*** Record set ***

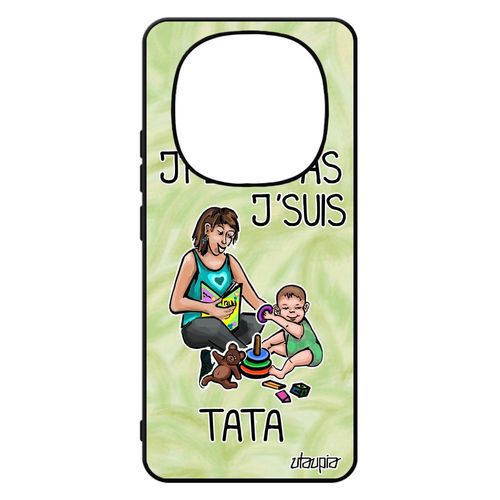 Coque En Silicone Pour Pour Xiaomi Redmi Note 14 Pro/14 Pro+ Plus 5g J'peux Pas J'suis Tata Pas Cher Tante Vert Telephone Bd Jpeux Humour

*** End of Record set ***
*** Record set ***

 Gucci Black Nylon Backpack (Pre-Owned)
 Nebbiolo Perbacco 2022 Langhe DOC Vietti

*** End of Record set ***

**Problem description:** For this exercise, repeat exactly the lines of the data above from the one with "Gucci Black Nylon Backpack (Pre-Owned)" down to the one with "Nebbiolo Perbacco 2022 Langhe DOC Vietti", both end lines included.

**Solution for this task:**
 Gucci Black Nylon Backpack (Pre-Owned)
 Nebbiolo Perbacco 2022 Langhe DOC Vietti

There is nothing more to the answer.